The Yucatan Peninsula has always had a powerful hold on me. I used to say I went there for refueling with every rite of passage. This particular trip had been a surprise. Following my divorce, after a twenty-year marriage that was as difficult as it was long, I had gone to my high- school class reunion. The short version of the story has me flying to Cozumel a few weeks later with a classmate I scarcely knew. He had an interest in Scuba diving and I, well, I was having my midlife crisis, after all.
So here I am. He has dropped me off at the city of Playa del Carmen so that I can find Tulum, a small Mayan archaeological site on a bluff overlooking the Caribbean Sea. By dropped off, I mean he has hired a fishing boat for the day, we are no longer amusing each other, and I am on my own, alone, but equipped with my Spanish and the belief that I have a special relationship with this place. A bus will be coming sometime soon and Tulum is a couple of hours down the road.
In 1989, the year of this story, that road is two lanes through the jungle. Most of the people on the bus speak Mayan as a first language. The women still wear huipiles, long white blouses embroidered with vividly colored flowers that are worn over ankle-length skirts. The men are in white pants and shirts. For the first hour and a half of the ride, standing room is all there is. The driver promises to tell me when to get off the bus. We come to a crossroads. No buildings, just jungle. He points down the intersecting road, which he assures me goes to Tulum and the sea.
I walk for less than a mile through the tunnel of vegetation until I reach a clearing. I enter the walled city, sit beneath a tree, look up at the largest pyramid, El Castillo, as it rises high above me, and I cry. The emotions come from fear and wonder and a pride in being in that place at that moment, from all that has happened in my life up until just then.

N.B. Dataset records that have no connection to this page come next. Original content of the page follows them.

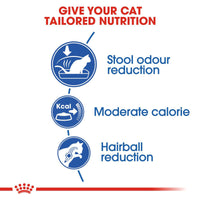 Royal Canin Indoor Dry Cat Food - All Breed Adult - 2kg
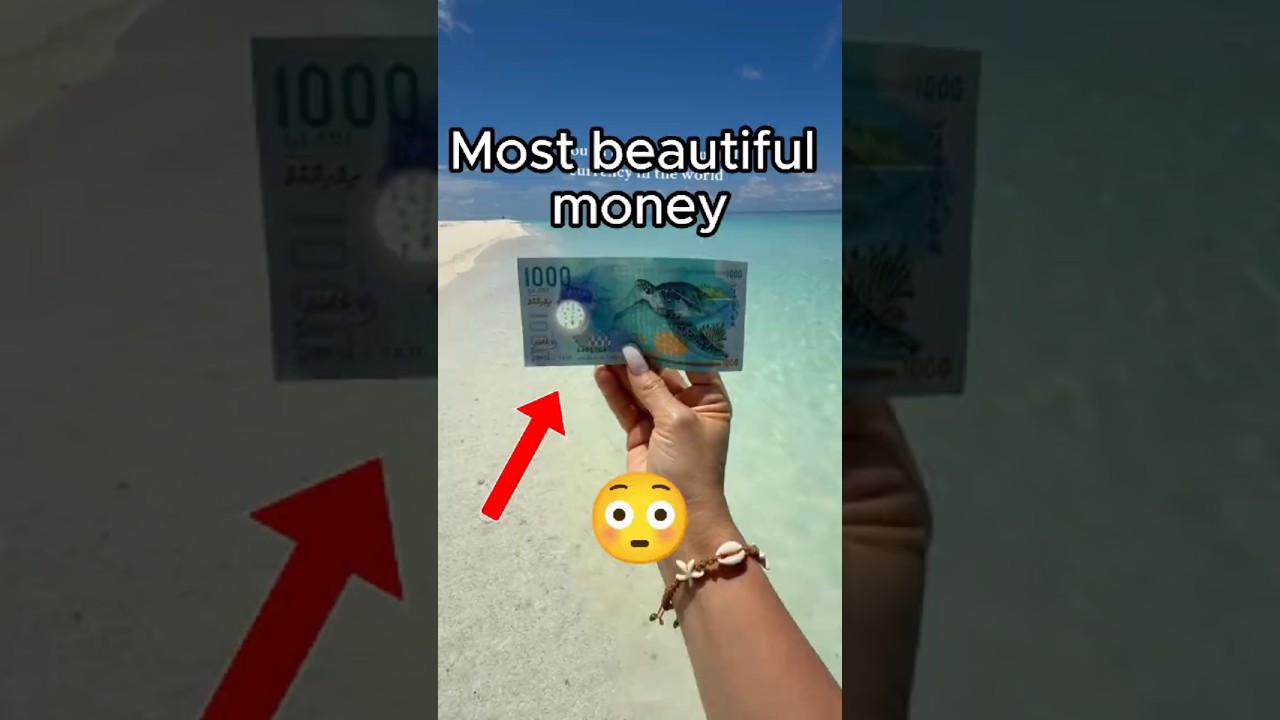 Most beautiful money in the world!!! 😲😲😲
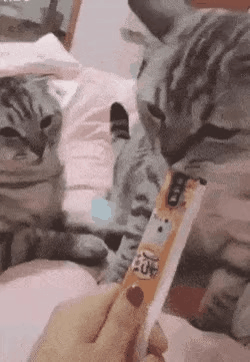 GIF_20260330_145108_844.gif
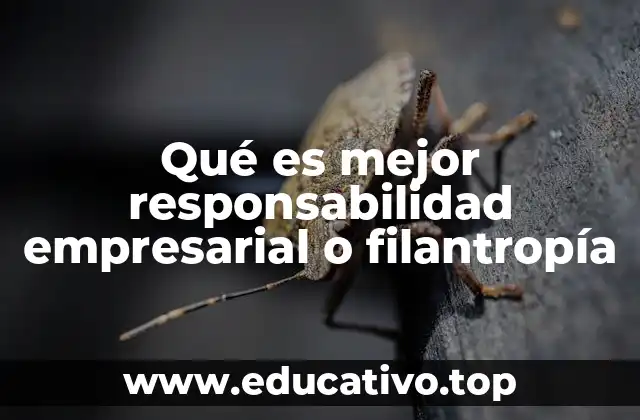 Qué es mejor responsabilidad empresarial o filantropía
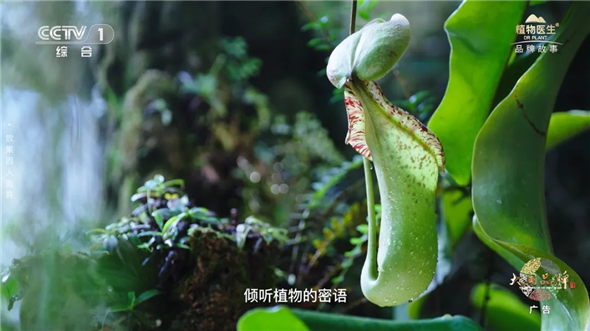 1750814514828026594.jpg 1750814514828026594.jpg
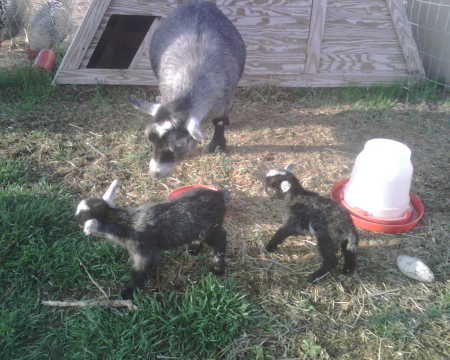 My goat just had twins!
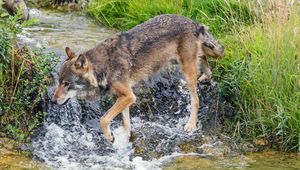 Preview wallpaper wolf, predator, stream, grass, wildlife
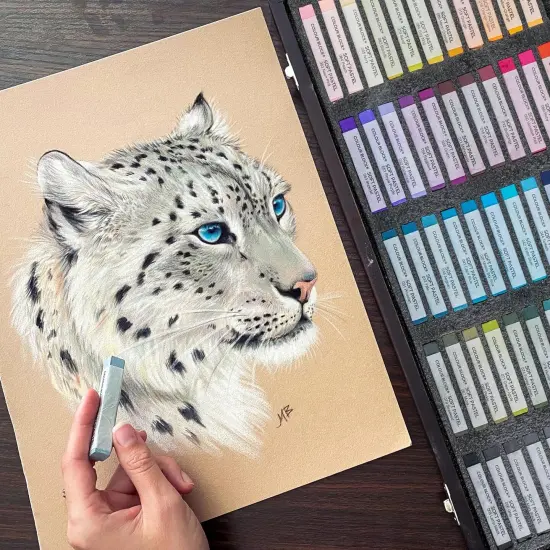 100 Professional Grade Soft Pastels - Artist Chalk Set in Wooden Box - Colored Drawing Art Supplies Kit - Pastel Colors for Painting, Sketching - Vibrant Pigments for Adults, Beginners {1}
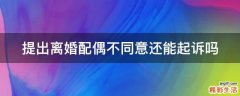 提出離婚配偶不同意還能起訴嗎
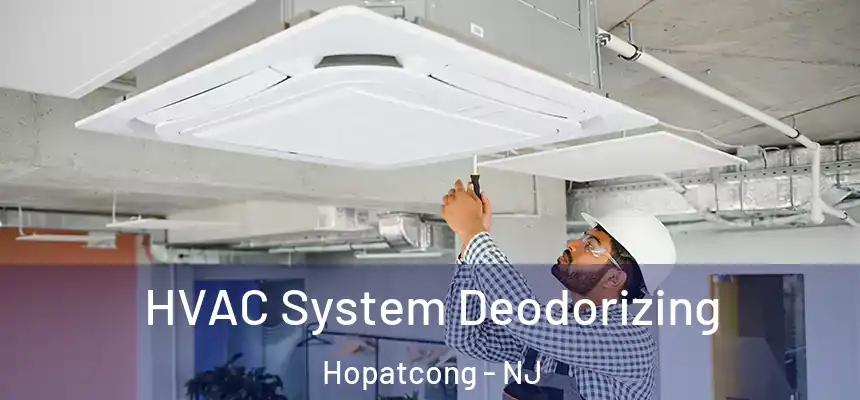  HVAC System Deodorizing Hopatcong - NJ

All right. So you may be asking yourself about the connection of this story with María Auxiliadora Álvarez’s poem, “Piedras de Reposo,” which I translate as “Standing Stones.” If you have Spanish, you may already be arguing that piedras de reposo are resting stones, not standing stones, a term generally reserved for megalithic stones from the Bronze Age. Think Stonehenge or various pre-Celtic alignments found in the British Isles and in Scandinavia, in many places in the world, actually. Please bear with me for a moment. The image in my head is complicated.
In my case, as I read María Auxiliadora’s poem, I kept picturing Carnac, a site in Brittany in the northwest part of France. Some of the stones date back to 4500 BC. They aren’t huge monoliths like those found at Stonehenge, but there are more than 3,000 of them in rows in and around this small French village. The question with this site, as with hundreds of other ancient sites, is how did inhabitants ever moved the rocks? How did they make them stand? The thing that does seem to be clear is that it is sacred ground.
As I read María Auxiliadora’s poem, I could not reconcile the images I had in my mind with the idea of resting stones, which I saw as either lying on the earth, as they might in nature, or fallen, as could happen in ruins—a word which implies a human maker. The poet in her description has included carvings, “small/engraved suns/their crevices and cracks.” If these “great stone slabs . . . are not tombs,” then what are they? In order to find my way through the central paradox the poem provides, I emailed the poet, who had been working with me on the translation. I included photos from our trip to Carnac. Here is what she replied, in her own English.
“To start with, let me tell you that the pictures you sent me of the standing stones touched me profoundly. I have seen (with strong feelings passing through) others prehistoric standing stones (like the Mayan ones or those in England) but I didn't get to that point when writing the poem. In making this relationship you got a clear understanding. It totally supports the original “ascending” sense of the whole idea of the poem and not the contrary (as usually happens.) “Standing stones” is a perfect translation for “Piedras de reposo” since if a human being can get a “standing rest” it implies that he/she is not/will be not dead (or buried), the essential clue of the warning: “these are not tombs.””
Those of us who translate understand that a real sense of joy comes with making a clear connection with another poet or a particular work. So, there we were, María Auxiliadora and I, living in the paradox of her poem. I understood that the dozens of experiences I had had searching out one sacred place in the world or another came together in this particular translation, much as I understood as I walked into the city square in Tulum that I was brand new. María Auxiliadora comes to her work with a strong religious faith and a belief in resurrection. She also says about reading a poem, “If you had the same experience as the poet, you will understand because you will recognize yourself.” I am grateful for the gift of grace I received from the poet when she speaks in an email of our “standing stone souls.”